The report by Oxford’s Project on Computational Propaganda, which has been studying ways that fake news and propaganda reached Americans during the 2016 election and its aftermath, is the first in which the group sought to explore the spread of disinformation on both Twitter and Facebook, and also how links are shared back and forth across these platforms.
The main threats to British national security are the jihadi terrorism of Islamic State and the hybrid warfare being waged against all western democracies by Vladimir Putin, analyst Paul Mason contends.
Propaganda, disinformation, misinformation: The words we choose to describe media manipulation can lead to assumptions about how information spreads, who spreads it, and who receives it. These assumptions can shape what kinds of interventions or solutions seem desirable, appropriate, or even possible, according to the Lexicon of Lies, accompanied by Teaching Resources from Data & Society’s Caroline Jack and Monica Bulger.
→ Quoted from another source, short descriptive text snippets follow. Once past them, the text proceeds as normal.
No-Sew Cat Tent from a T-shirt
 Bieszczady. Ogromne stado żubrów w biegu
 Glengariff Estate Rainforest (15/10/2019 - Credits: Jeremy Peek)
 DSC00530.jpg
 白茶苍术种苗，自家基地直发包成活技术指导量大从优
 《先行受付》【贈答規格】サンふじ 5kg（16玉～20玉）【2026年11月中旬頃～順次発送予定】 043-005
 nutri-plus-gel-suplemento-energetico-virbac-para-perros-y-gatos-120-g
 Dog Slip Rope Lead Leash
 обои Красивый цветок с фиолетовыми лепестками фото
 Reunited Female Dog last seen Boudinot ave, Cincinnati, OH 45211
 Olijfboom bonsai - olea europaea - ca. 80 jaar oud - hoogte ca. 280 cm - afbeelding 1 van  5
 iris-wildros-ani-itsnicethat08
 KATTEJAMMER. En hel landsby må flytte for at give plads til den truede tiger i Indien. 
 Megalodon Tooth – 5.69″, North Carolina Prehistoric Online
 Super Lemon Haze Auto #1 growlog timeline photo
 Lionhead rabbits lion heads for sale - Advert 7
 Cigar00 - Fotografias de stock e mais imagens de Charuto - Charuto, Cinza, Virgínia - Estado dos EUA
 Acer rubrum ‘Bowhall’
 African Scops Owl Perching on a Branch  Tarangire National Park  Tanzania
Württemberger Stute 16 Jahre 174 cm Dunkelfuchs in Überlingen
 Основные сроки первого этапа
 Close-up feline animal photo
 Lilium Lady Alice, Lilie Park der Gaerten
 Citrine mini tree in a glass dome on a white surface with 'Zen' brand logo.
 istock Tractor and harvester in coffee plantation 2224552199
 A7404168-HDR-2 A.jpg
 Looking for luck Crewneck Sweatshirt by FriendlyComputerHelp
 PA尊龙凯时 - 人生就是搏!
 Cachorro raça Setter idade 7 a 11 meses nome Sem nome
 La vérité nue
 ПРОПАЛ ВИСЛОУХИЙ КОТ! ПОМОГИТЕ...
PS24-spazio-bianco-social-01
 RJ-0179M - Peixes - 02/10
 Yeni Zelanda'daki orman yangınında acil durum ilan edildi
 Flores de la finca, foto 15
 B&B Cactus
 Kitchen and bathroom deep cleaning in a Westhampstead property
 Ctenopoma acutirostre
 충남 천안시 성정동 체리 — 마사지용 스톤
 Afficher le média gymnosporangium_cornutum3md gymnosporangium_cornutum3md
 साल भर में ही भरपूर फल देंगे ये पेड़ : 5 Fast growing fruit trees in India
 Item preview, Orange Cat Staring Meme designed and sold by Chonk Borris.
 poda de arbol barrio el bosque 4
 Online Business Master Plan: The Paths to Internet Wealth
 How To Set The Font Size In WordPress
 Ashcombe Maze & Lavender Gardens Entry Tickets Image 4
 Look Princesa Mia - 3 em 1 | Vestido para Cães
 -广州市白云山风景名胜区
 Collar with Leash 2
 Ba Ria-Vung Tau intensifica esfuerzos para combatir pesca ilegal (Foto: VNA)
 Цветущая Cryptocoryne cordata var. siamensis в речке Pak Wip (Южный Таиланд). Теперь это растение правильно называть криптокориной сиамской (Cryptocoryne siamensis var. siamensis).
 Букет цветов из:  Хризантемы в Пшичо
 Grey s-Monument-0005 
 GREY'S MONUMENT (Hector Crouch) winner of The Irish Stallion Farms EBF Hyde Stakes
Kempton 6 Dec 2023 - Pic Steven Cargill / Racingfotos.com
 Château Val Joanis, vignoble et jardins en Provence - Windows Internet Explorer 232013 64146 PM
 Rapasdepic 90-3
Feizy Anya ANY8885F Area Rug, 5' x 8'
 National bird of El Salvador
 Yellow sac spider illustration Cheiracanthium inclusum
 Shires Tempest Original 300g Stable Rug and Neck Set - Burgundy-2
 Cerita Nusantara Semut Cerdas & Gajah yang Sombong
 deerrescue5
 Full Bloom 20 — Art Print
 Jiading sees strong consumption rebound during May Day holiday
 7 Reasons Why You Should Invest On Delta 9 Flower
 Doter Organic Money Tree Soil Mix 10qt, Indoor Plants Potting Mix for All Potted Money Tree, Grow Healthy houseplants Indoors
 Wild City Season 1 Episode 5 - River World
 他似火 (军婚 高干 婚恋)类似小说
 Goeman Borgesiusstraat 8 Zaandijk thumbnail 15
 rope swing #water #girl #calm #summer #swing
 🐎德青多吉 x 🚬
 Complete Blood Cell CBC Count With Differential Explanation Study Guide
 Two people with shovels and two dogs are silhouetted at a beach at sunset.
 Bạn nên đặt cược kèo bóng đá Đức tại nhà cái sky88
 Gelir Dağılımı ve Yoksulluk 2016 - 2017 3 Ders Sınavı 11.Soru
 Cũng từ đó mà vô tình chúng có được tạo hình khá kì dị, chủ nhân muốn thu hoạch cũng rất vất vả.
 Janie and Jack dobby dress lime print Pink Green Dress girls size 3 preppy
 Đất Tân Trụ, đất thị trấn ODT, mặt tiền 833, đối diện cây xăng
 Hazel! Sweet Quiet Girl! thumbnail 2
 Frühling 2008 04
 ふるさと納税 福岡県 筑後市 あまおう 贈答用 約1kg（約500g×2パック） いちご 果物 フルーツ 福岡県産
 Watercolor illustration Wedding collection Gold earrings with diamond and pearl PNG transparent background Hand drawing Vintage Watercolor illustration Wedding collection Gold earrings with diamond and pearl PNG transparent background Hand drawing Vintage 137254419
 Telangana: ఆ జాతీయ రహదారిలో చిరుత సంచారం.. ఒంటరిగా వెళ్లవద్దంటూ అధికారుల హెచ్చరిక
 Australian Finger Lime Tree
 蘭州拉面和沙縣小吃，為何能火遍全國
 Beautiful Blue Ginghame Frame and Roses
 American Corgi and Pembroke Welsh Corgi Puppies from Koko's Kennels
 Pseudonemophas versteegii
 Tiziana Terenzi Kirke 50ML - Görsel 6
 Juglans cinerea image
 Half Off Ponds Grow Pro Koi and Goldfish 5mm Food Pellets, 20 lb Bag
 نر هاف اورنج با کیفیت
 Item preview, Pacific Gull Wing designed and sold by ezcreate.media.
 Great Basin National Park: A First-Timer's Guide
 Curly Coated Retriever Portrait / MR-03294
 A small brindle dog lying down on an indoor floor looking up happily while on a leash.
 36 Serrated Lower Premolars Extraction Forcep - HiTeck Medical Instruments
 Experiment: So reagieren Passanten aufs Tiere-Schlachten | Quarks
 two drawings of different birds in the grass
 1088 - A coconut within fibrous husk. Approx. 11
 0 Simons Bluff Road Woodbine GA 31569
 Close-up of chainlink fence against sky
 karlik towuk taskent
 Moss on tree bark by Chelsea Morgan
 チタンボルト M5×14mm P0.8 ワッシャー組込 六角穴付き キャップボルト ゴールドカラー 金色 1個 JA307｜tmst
The inner workings of influence operations are outlined by the Alliance for Securing Democracy:
Michael Carpenter argues that “Russia’s goals are not hard to discern: undermining democratic institutions, weakening the cohesion of NATO and the EU, and delegitimizing the international order’s norms of transparency, accountability, and rule of law.” How does Russia do this? According to Laura Rosenberger, “global powers use instantaneous media networks and a mix of overt and covert programming…” Russia finds issues that are socially divisive and invests in creating online groups and personas that promote these themes via social media. In the Berlin Policy Journal, Sophie Eisentraut and Etienne Soula argue that during last month’s German federal elections “in both Germany and the U.S., Moscow amplifies right-wing content in an attempt to exacerbate pre-existing socio-political divisions.”